Friday, April 26, 2019

Spring 2019 Trip to Mexico. Part 2, Zacuaplan

After Billy and Alicia arrived, we took a cab to the bus station, a trip of just a couple of miles.

We got to there just in time to buy tickets and catch our bus.  We were headed to the town of Las Varas—a two hour bus ride—where Paul and Robyn were going to meet us. We were the only Anglos on the bus, which eventually became standing room only.

The bus seats were roomy--the ride was more comfortable than any bus I've been on in the U.S. And, interestingly enough, there were no young women wearing sweatpants and carrying a pillow, something I've seen on every Megabus ride I've taken. At one stop, a food vendor walked through the bus selling cellophane bags of what looked like potato chips and a bunch of different sauces with which to customize them. As snack foods go, they looked....interesting.

We disembarked in Las Varas right on time.

I barely had time to photograph the blinking shrine at the store that serves as the bus stop when Paul and Robyn arrived as promised.  In short order, we were on the way to their house. It’s about 30 minutes from Las Varas.

Since we were all peckish, we stopped for dinner at a little place in Zacuaplan.

Zacuaplan is a farming community, with shops, car repair places, and a cheese shop that Paul and Robyn swear never has any cheese.

In the center of town, there’s a large church that looks as if it were designed by a committee. It faces a small park in place of the traditional town square.

The town doesn’t have a lot of curb appeal, but it’s but brimming with authenticity. If there was any sort of chain store or franchise outpost there, I didn't see it.

Paul pulled over at the Loncheria El Sazon de Silvia, one of the few places open at that time of night. It wasn’t a place people go to for the atmosphere; if it were a food truck, it would have been missing a fender. In fact, the State College Board of Health might have sent in a SWAT team to close the place for a hairnet violation.

But even without a hairnet, the woman at the grill made us a delicious dinner. Perhaps I was just ravenous, or perhaps it was the super tasty salsa on the table, but my tacos were spectacular. Plus, since I ate them with a knife and fork they gave me the opportunity to demonstrate my lack of travel-related broadening. I didn’t need to worry about drinking the water, Billy walked down the street and brought back cold beer.

As I sat there at a table on the sidewalk, still wearing my blue blazer, eating my tacos with a knife and fork, drinking a cold beer, I wondered if I had been transported into a W. Somerset Maugham story.  Or would that have been a Graham Greene story?

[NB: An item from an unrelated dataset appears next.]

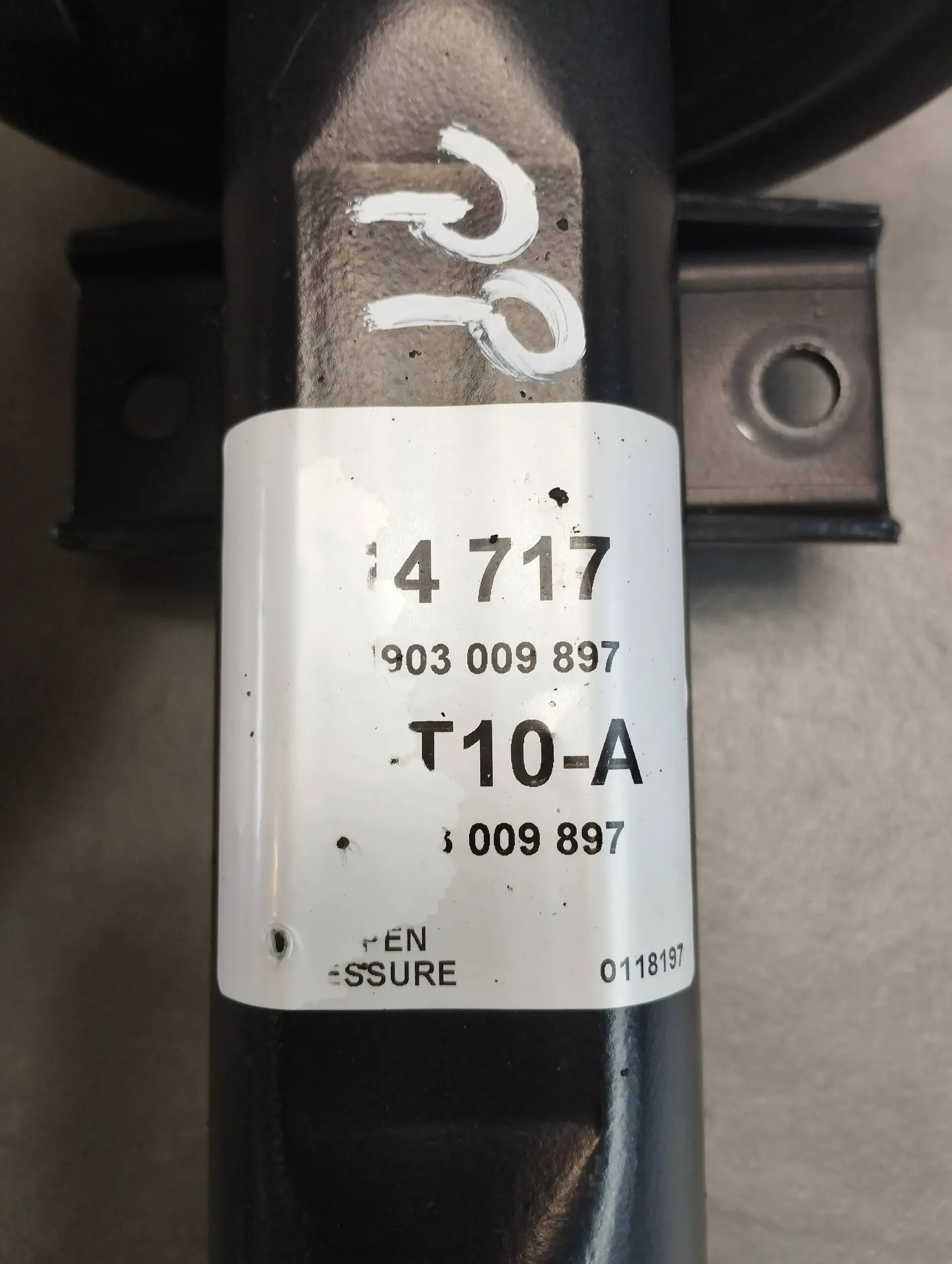 Audi A1 1.6 TDI shock absorber right front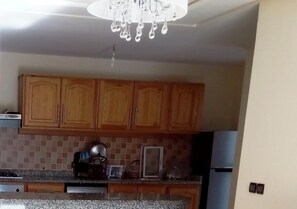 Frigorifero, forno, piano cottura, pentole/stoviglie/utensili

My friend Martha would have known who I meant. Unlike me, she's probably knows all about those  English authors who wrote about fish-out-of-water Brits in distant corners of the crumbling Empire.  I’m as thick as a plank when it comes to anything literary.

I was consoled by the fact that Mr. Bass Pro Shops probably didn’t know the difference between W. Somerset Maugham and Graham Greene…though by this point he might have known something about strippers named Jesรบs. I just had a feeling.